───── DATA LISTING ─────

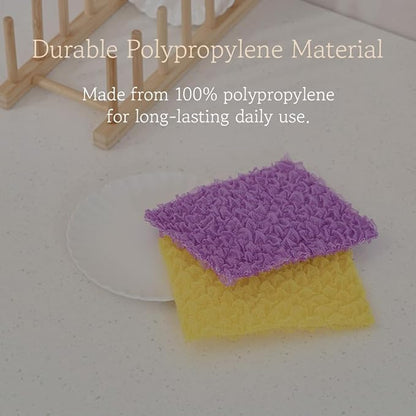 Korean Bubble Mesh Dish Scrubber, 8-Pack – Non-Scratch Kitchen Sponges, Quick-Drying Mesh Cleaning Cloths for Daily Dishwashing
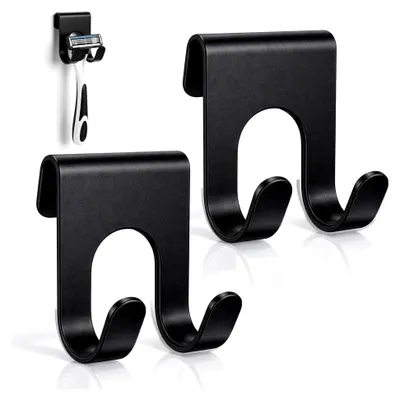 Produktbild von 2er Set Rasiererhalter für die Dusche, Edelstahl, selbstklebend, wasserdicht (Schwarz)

─────
───── DATA LISTING ─────

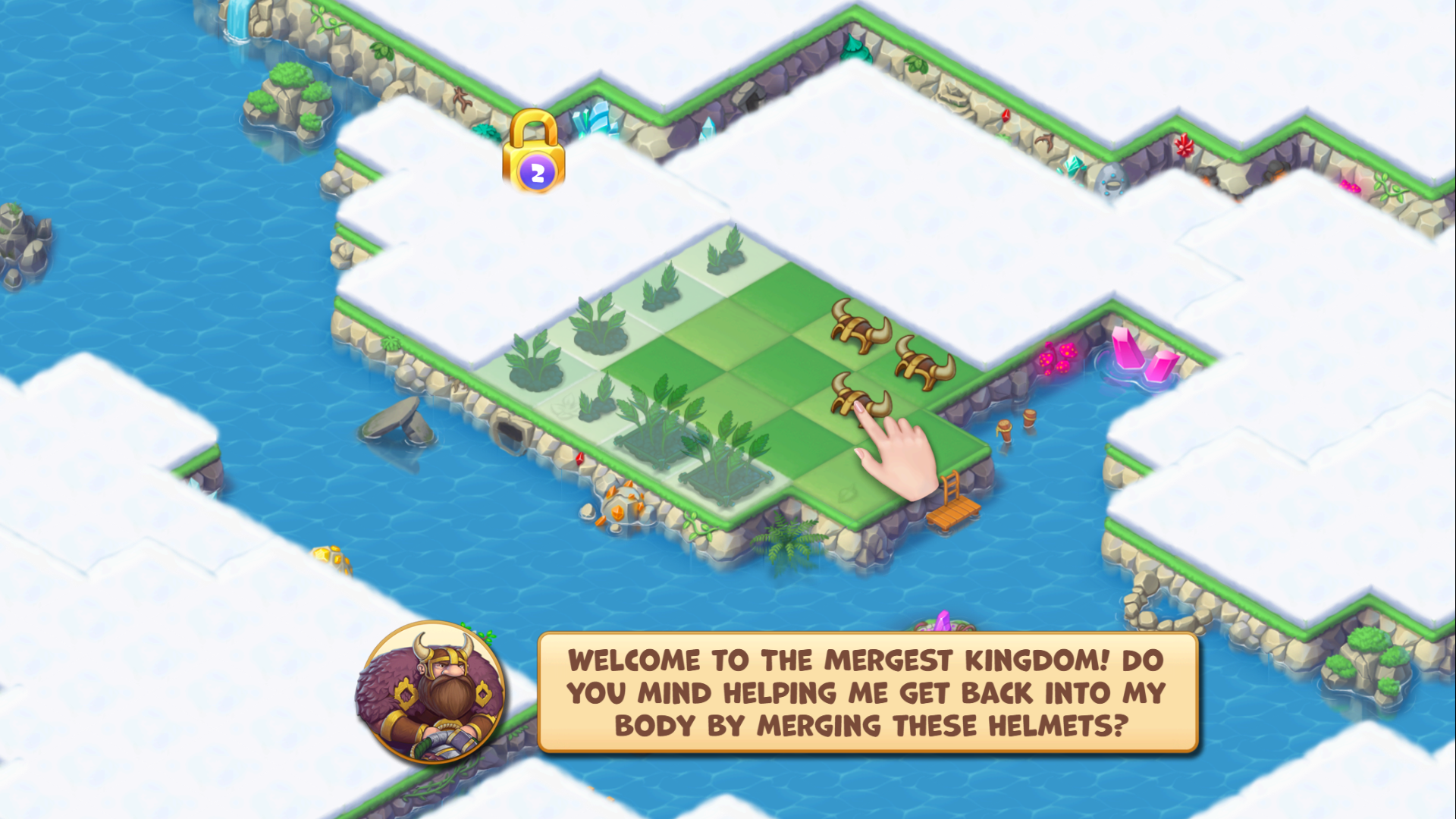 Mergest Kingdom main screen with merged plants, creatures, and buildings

─────
───── DATA LISTING ─────

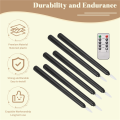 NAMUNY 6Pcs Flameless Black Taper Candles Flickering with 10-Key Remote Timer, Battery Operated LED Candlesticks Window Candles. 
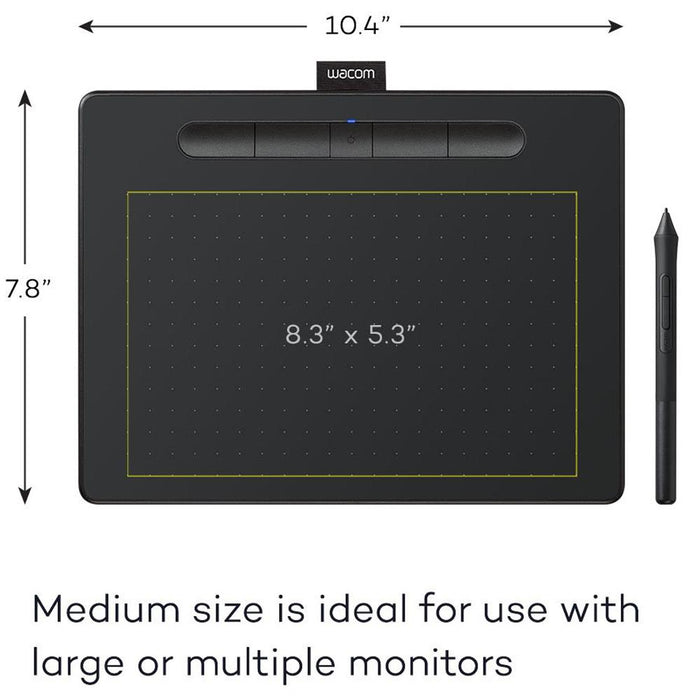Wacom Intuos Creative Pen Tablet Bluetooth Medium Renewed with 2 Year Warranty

─────

= EXERCISE AIM =
Among the records above, locate the line containing "Korean Bubble Mesh" and the line containing "Produktbild von 2er", then transcribe exactly the lines starting at the first and ending at the second, with no pictures.

= WORKED SOLUTION =
 Korean Bubble Mesh Dish Scrubber, 8-Pack – Non-Scratch Kitchen Sponges, Quick-Drying Mesh Cleaning Cloths for Daily Dishwashing
 Produktbild von 2er Set Rasiererhalter für die Dusche, Edelstahl, selbstklebend, wasserdicht (Schwarz)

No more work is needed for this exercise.